● GOAL OF THE EXERCISE: From the records below, extract only the lines running from the line with "Ensemble de 4" to the line with "Hermes Taurillon Clemence", both lines included, reproducing them exactly.

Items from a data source
•••••
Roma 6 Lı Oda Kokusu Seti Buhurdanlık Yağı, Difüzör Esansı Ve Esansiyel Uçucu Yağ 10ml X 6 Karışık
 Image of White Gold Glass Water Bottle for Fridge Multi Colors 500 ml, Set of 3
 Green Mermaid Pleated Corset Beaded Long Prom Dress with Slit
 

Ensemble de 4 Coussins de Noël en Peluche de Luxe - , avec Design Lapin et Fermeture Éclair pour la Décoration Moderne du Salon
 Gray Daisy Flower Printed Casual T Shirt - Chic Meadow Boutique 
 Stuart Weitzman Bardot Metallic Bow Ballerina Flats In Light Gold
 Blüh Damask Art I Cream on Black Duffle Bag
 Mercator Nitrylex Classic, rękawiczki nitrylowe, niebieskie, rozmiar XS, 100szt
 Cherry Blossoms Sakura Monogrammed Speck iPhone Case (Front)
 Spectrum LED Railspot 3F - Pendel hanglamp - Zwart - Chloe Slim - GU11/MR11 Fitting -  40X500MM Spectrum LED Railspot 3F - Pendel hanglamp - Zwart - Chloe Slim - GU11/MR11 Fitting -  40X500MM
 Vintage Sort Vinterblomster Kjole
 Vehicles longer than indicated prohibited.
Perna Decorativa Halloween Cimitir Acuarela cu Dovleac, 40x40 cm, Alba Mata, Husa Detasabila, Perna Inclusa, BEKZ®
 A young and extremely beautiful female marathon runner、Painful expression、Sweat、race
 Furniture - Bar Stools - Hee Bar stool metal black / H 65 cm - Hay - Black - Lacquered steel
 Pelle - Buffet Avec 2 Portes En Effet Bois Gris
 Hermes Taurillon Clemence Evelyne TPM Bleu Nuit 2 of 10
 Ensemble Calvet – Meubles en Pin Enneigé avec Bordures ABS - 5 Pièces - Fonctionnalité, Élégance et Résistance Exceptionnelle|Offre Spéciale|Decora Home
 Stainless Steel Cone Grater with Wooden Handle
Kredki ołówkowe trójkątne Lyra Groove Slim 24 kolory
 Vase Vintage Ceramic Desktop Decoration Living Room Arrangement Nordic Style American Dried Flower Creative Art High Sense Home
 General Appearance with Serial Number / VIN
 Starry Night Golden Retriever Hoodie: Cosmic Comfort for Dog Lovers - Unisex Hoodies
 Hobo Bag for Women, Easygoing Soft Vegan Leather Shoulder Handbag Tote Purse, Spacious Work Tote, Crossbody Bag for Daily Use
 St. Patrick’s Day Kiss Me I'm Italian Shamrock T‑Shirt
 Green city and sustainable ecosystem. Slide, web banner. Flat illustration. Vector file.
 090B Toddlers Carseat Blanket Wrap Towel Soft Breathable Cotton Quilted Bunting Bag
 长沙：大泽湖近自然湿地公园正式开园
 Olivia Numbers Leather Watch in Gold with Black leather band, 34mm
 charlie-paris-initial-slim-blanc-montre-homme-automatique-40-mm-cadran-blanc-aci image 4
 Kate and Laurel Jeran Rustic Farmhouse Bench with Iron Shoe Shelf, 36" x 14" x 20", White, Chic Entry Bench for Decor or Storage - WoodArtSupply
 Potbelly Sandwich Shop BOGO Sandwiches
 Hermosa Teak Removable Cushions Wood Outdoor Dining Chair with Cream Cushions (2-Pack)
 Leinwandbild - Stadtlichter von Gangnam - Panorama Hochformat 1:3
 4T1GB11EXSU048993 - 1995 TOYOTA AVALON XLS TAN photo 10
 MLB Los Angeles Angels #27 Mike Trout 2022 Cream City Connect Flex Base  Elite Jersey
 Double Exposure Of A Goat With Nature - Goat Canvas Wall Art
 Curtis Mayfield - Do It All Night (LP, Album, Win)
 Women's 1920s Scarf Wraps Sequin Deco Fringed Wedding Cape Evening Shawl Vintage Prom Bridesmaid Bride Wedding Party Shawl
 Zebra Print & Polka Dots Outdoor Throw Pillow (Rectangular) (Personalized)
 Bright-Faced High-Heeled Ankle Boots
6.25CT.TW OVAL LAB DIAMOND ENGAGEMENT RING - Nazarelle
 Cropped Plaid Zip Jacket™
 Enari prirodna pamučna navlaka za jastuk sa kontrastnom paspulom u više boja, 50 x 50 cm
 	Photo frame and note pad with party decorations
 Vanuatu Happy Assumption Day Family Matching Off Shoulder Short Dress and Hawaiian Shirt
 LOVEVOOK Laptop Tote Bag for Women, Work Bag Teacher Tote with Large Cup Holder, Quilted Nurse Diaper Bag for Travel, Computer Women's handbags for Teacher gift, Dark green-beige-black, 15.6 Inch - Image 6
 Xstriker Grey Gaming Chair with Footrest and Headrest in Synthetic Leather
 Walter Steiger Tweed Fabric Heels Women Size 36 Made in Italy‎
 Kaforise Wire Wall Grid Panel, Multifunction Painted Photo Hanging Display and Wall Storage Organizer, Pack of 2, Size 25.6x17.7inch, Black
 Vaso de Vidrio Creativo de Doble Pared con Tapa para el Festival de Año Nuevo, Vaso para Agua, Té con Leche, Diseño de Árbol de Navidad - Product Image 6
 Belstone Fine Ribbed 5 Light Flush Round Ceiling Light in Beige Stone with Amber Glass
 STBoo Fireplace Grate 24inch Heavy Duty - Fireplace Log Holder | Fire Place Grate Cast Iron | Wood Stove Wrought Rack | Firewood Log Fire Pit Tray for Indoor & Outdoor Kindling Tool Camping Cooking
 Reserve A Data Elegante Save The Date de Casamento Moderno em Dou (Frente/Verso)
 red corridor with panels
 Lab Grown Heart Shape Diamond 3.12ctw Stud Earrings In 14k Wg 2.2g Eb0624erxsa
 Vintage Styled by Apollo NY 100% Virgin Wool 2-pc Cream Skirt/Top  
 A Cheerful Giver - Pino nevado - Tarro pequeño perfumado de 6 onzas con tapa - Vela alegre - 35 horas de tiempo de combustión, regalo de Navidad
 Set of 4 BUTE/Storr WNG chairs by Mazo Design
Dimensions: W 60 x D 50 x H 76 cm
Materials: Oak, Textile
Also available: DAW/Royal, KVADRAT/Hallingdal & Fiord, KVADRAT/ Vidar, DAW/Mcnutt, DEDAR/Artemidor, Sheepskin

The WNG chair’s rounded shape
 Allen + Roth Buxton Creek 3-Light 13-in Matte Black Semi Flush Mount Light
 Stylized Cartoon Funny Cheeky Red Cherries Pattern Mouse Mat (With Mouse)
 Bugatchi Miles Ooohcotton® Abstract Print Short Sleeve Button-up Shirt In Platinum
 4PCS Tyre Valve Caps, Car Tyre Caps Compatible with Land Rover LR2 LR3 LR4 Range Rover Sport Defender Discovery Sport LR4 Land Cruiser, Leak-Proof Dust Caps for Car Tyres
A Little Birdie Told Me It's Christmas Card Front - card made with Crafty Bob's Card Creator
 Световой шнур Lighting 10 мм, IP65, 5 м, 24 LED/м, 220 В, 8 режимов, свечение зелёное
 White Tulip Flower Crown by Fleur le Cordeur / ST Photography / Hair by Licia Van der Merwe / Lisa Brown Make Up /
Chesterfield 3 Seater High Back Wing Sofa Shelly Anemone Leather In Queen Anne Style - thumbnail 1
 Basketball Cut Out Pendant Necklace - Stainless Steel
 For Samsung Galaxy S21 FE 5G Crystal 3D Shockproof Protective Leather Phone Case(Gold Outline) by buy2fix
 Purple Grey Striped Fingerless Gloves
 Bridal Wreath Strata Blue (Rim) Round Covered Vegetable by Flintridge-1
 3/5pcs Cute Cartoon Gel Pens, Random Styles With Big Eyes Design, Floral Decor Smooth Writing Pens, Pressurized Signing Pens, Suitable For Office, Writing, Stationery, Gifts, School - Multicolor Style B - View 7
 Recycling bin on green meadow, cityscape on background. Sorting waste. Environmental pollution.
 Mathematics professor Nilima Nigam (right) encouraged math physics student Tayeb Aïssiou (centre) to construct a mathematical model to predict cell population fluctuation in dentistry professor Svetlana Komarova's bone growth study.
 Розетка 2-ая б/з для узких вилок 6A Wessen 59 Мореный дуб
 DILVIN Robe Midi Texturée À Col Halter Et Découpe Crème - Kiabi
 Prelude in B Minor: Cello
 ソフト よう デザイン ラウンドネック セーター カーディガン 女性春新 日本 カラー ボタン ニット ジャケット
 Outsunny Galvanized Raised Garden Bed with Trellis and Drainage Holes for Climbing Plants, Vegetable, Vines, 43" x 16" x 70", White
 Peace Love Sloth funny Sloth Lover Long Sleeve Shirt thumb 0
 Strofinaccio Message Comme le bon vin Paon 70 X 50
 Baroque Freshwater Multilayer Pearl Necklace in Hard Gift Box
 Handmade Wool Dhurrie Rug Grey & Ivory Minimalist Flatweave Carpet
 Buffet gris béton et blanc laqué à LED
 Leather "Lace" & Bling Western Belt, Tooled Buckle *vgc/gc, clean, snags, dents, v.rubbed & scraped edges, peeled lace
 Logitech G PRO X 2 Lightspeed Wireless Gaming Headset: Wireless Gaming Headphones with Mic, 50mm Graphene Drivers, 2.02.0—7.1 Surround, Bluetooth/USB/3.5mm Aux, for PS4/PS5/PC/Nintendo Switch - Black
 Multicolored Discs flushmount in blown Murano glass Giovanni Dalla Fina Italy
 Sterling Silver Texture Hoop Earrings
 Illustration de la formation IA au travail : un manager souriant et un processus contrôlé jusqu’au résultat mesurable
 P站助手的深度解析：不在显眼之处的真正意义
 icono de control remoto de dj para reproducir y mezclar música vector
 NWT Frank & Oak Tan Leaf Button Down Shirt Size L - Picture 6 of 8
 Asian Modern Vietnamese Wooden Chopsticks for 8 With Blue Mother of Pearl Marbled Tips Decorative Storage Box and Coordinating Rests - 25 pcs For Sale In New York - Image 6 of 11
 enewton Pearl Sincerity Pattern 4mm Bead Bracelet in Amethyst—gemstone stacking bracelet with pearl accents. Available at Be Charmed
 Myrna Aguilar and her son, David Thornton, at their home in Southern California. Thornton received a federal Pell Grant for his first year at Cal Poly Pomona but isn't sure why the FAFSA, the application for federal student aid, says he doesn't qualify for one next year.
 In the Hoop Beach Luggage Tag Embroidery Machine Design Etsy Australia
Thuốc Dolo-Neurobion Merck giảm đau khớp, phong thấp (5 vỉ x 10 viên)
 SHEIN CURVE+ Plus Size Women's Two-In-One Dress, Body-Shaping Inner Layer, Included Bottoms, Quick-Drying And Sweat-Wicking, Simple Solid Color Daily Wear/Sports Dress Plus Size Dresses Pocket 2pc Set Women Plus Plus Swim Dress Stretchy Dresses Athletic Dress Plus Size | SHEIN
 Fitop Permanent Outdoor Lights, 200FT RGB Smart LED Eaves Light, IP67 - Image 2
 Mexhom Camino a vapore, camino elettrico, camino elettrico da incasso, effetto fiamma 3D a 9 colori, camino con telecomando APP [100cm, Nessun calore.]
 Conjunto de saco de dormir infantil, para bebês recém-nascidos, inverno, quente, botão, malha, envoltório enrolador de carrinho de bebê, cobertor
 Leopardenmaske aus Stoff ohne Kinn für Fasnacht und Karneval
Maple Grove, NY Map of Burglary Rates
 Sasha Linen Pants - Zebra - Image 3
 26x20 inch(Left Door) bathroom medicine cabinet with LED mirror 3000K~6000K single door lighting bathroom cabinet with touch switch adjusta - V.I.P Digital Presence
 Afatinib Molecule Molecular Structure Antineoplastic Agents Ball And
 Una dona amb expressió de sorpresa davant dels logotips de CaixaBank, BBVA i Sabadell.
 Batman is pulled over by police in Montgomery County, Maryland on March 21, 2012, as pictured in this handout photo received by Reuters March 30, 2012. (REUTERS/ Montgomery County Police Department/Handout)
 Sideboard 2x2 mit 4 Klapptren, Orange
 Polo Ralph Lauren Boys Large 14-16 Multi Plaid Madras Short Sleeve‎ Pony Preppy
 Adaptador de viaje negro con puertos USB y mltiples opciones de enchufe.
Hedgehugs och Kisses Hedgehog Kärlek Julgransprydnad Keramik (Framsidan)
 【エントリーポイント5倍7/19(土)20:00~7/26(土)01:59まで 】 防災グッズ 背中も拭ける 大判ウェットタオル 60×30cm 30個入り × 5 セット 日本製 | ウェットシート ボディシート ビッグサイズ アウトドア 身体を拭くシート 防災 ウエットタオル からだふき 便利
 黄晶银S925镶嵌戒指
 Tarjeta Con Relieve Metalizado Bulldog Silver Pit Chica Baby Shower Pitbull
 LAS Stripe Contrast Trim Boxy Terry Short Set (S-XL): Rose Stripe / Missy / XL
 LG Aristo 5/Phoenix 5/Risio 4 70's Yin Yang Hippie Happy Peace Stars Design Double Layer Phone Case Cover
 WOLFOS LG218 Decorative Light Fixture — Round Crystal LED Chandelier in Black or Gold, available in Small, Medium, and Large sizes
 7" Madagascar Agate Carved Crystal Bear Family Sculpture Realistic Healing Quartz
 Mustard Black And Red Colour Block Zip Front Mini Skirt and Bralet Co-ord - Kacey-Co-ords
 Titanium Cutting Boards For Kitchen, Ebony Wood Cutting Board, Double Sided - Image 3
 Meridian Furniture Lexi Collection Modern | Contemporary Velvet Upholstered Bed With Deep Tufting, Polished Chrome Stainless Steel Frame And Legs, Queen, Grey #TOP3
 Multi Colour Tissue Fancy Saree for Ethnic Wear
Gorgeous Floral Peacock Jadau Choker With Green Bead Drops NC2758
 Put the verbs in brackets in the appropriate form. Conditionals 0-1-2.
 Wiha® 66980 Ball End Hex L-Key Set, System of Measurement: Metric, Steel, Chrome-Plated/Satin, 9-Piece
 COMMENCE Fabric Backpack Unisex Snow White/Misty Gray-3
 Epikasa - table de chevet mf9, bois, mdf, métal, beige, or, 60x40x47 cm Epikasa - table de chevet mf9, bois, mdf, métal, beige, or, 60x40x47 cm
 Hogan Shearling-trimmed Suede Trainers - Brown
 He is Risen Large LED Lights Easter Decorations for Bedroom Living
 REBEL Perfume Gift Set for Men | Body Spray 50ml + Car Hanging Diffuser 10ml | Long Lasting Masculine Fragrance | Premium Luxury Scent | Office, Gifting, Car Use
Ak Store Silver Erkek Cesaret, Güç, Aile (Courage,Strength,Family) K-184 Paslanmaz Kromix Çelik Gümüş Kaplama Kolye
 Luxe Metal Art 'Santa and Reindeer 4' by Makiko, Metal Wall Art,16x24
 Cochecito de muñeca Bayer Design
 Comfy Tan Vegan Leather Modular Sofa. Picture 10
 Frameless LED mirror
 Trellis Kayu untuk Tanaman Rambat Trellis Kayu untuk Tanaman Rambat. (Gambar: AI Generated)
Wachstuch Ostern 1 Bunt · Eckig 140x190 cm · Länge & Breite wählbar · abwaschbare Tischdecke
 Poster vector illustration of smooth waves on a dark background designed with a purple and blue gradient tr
•••••
● ANSWER TO THE EXERCISE:
Ensemble de 4 Coussins de Noël en Peluche de Luxe - , avec Design Lapin et Fermeture Éclair pour la Décoration Moderne du Salon
 Gray Daisy Flower Printed Casual T Shirt - Chic Meadow Boutique 
 Stuart Weitzman Bardot Metallic Bow Ballerina Flats In Light Gold
 Blüh Damask Art I Cream on Black Duffle Bag
 Mercator Nitrylex Classic, rękawiczki nitrylowe, niebieskie, rozmiar XS, 100szt
 Cherry Blossoms Sakura Monogrammed Speck iPhone Case (Front)
 Spectrum LED Railspot 3F - Pendel hanglamp - Zwart - Chloe Slim - GU11/MR11 Fitting -  40X500MM Spectrum LED Railspot 3F - Pendel hanglamp - Zwart - Chloe Slim - GU11/MR11 Fitting -  40X500MM
 Vintage Sort Vinterblomster Kjole
 Vehicles longer than indicated prohibited.
Perna Decorativa Halloween Cimitir Acuarela cu Dovleac, 40x40 cm, Alba Mata, Husa Detasabila, Perna Inclusa, BEKZ®
 A young and extremely beautiful female marathon runner、Painful expression、Sweat、race
 Furniture - Bar Stools - Hee Bar stool metal black / H 65 cm - Hay - Black - Lacquered steel
 Pelle - Buffet Avec 2 Portes En Effet Bois Gris
 Hermes Taurillon Clemence Evelyne TPM Bleu Nuit 2 of 10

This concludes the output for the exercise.